1. Sample Multiplexing
High-throughput sequencers produce billions of reads in a single run, heavily outweighing the read depth requirement for single samples which typically lies between 1 M and 100 M reads. Therefore, it is desirable to combine (or “multiplex”) libraries from various samples or experiments in one sequencing run. For multiplex sequencing, defined index sequences are added to each library during the Next-Generation Sequencing (NGS) library generation workflow. Each individual molecule generated from an initial RNA sample will have the same index. In contrast, molecules generated from other samples will be tagged with different indices. After sequencing, each read can be identified and associated to the sample it derived from based on the index sequence with which it was tagged. The index tags are typically short defined sequences between 6 – 12 nucleotides. These tags are then read out during the sequencing run.
There are two main strategies for indexing which are commonly used: inline indexing (or sample-barcoding) and multiplex indexing which we will explore in the following sections.
2. Inline Indexing / Sample-barcoding
Inline indices or sample-barcodes are located between the sequencing adapter and the insert (Fig. 1 shows an inline index located at the beginning of Read 2). Due to their positioning, inline indices are part of the insert read, and must be read out either in Sequencing Read 1 or Read 2. Consequently, the read length available for sequencing the actual insert will be reduced by the length of the inline index.
Figure 1 | Inline indices are commonly located at the beginning of Read 2. Read out of inline indices occurs during insert reads and is independent from the multiplex indices located within the Illumina adapter sequences. It is also possible that inline indices are located at the beginning of Read 1 (not shown).
Figure 2 | Inline indexing (sample-barcoding) allows early pooling thereby streamlining the complete workflow. This enables significant savings for consumable and effectively shortens the overall hands-on time to complete library preparation. Additionally, throughput can be upscaled to tens of thousands of samples.
Inline indices or sample-barcodes are commonly introduced in the first step. The index sequence is added to the reverse transcription primer and is therefore mostly located at the beginning of Read 2. Thus, libraries containing inline indices commonly require paired-end sequencing with at least a partial read-out of Read 2.
These indices are commonly used in applications requiring ultra-high throughput. As inline indices are added to the molecules directly in the first step, they allow combination of all indexed samples for subsequent reaction steps. As a result, hundreds of samples can be handled in parallel and multiplexing capacity can be increased to process thousands of samples in one experiment, as exemplified by the QuantSeq-Pool workflow (Fig. 2).

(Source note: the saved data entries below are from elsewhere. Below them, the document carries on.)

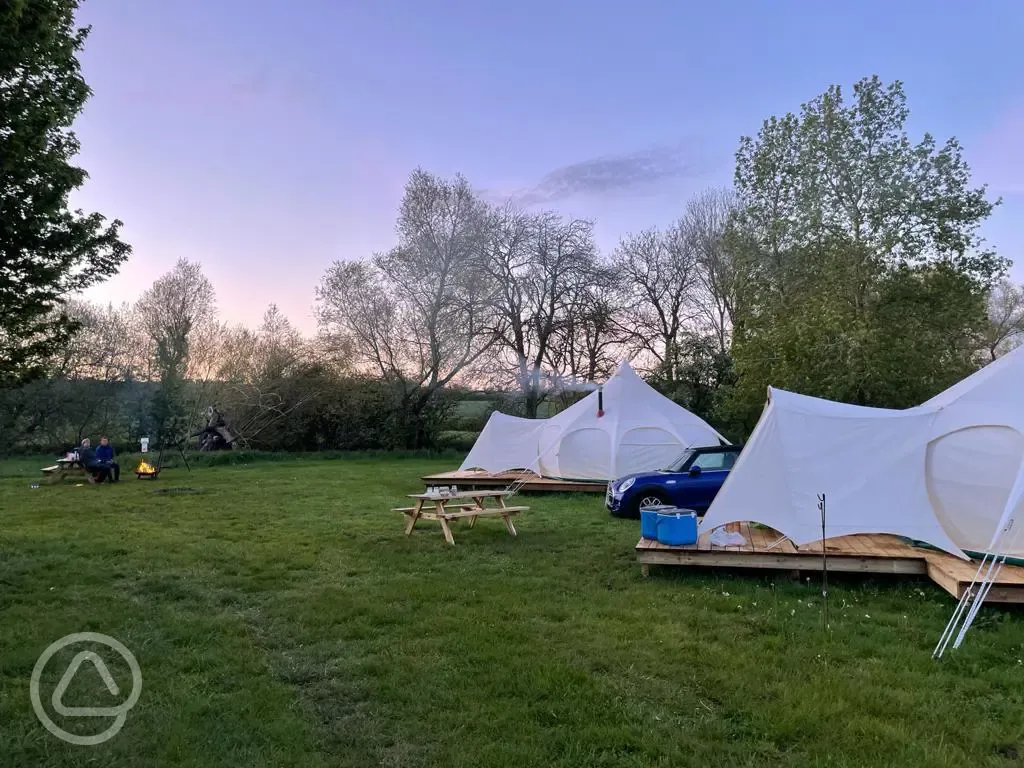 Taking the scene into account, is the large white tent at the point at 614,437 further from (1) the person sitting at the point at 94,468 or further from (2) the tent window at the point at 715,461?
(1) the person sitting at the point at 94,468

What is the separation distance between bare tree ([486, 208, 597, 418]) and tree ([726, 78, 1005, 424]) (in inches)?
369

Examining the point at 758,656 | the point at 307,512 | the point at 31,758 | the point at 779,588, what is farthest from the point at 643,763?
the point at 307,512

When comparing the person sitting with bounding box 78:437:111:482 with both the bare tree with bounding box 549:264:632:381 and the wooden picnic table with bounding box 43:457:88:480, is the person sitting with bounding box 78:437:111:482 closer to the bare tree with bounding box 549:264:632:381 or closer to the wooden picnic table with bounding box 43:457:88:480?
the wooden picnic table with bounding box 43:457:88:480

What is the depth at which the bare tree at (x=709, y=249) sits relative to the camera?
87.7 feet

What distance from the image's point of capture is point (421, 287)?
81.9 ft

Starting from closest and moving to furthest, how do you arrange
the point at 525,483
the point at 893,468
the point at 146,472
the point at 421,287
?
the point at 893,468 < the point at 525,483 < the point at 146,472 < the point at 421,287

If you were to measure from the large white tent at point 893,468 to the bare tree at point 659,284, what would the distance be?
20291 millimetres

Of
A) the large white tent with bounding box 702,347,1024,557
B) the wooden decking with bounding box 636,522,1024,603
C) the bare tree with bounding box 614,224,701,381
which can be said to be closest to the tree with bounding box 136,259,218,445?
the bare tree with bounding box 614,224,701,381

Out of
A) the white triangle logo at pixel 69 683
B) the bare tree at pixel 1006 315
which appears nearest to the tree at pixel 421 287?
the white triangle logo at pixel 69 683

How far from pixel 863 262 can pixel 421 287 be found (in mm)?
15722

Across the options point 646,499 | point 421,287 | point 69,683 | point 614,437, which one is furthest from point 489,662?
point 421,287

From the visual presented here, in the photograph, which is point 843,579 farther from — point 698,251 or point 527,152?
point 698,251

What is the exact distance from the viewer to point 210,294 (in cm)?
2630

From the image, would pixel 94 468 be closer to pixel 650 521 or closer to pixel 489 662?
pixel 650 521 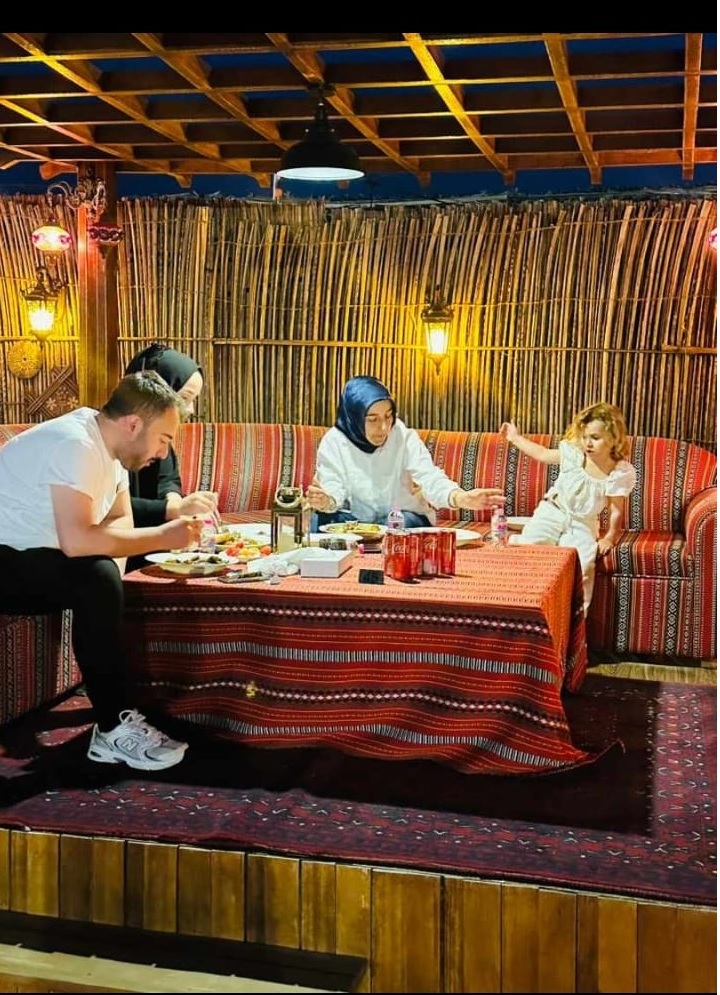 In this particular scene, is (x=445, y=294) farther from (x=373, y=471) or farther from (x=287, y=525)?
(x=287, y=525)

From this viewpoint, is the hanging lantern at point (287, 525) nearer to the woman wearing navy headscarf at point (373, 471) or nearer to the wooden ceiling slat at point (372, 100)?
the woman wearing navy headscarf at point (373, 471)

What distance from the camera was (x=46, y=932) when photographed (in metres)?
3.29

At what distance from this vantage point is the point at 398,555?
4.06 meters

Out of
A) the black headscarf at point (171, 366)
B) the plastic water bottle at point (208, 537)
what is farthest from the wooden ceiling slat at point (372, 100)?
the plastic water bottle at point (208, 537)

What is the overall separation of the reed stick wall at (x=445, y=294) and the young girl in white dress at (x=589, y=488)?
5.38ft

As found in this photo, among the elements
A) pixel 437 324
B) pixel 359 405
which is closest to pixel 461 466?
pixel 437 324

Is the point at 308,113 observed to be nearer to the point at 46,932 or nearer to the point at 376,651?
the point at 376,651

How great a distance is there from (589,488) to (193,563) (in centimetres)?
248

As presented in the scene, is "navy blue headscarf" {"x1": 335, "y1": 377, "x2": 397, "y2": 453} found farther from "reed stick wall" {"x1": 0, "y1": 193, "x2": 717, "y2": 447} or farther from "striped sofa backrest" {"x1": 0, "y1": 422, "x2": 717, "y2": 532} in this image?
"reed stick wall" {"x1": 0, "y1": 193, "x2": 717, "y2": 447}

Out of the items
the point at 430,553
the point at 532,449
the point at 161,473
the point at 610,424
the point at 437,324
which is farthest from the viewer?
the point at 437,324

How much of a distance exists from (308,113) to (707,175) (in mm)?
2844

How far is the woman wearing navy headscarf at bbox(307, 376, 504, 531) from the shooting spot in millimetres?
5562

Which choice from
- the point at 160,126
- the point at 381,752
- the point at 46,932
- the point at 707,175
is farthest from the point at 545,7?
the point at 707,175

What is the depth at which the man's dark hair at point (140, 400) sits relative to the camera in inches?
156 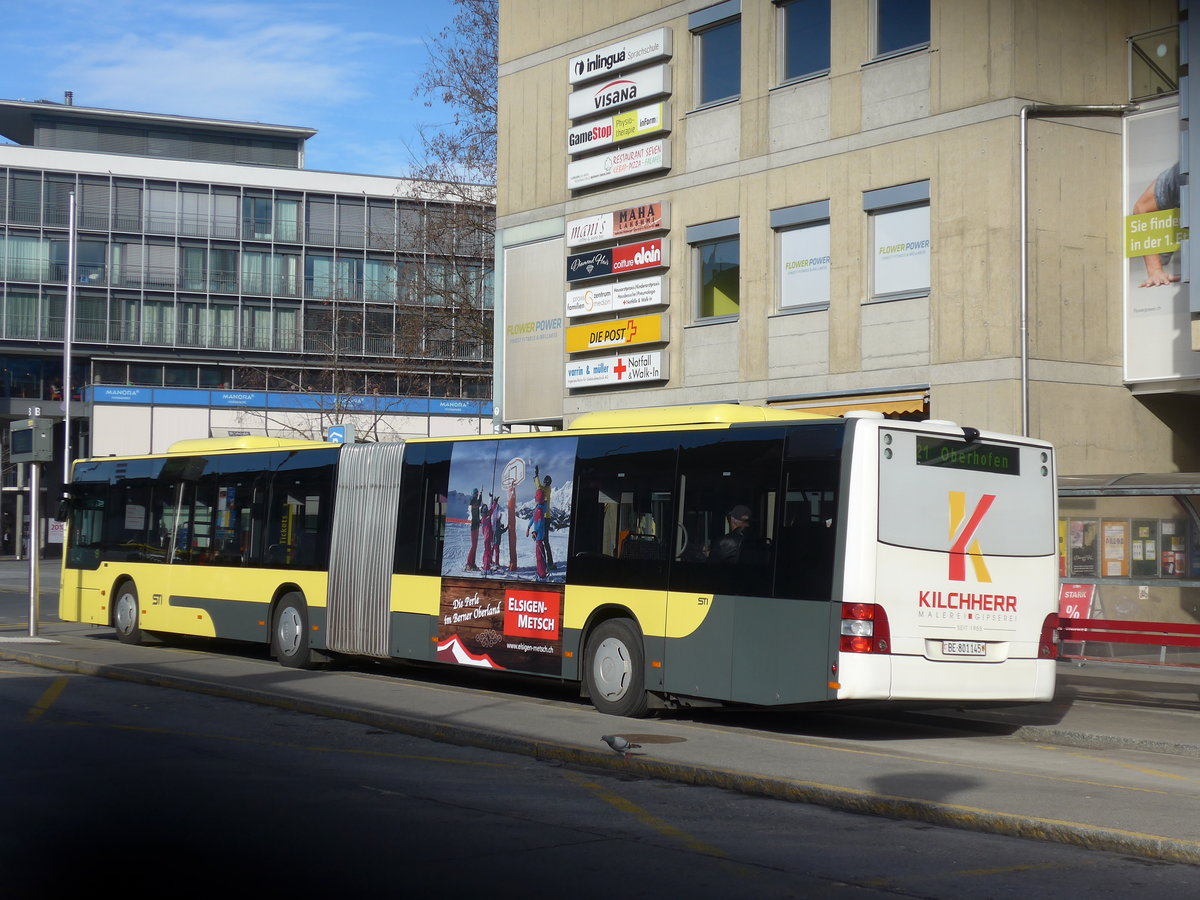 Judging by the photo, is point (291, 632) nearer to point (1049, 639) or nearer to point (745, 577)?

Therefore, inline indexing strategies are often pursued for high-throughput screening experiments and for massive single-cell sequencing studies.
Using library preps containing inline indices is not only a convenient way to increase sample throughput, but also saves a lot of consumables as the samples are pooled early and processed in batch. This also effectively shortens hands-on time and can decrease technical variance. For an introduction to sample-barcoded 3’ mRNA-Seq check out our RNA EXPERTise video on QuantSeq-Pool.
3. Multiplex Indexing
Continuous improvements in the NGS technology are aimed towards increasing sequencing speed and data output for massive sample throughput. A key to utilizing this increased capacity is multiplex indexing. Just like inline indexing, multiplex indexing allows multiple libraries to be sequenced simultaneously. In contrast to inline indices, multiplex indices are located within the common sequencing adapters and require designated Index Reads to be assessed (Fig. 3). Thus, multiplex indices do not have an impact on the insert read length.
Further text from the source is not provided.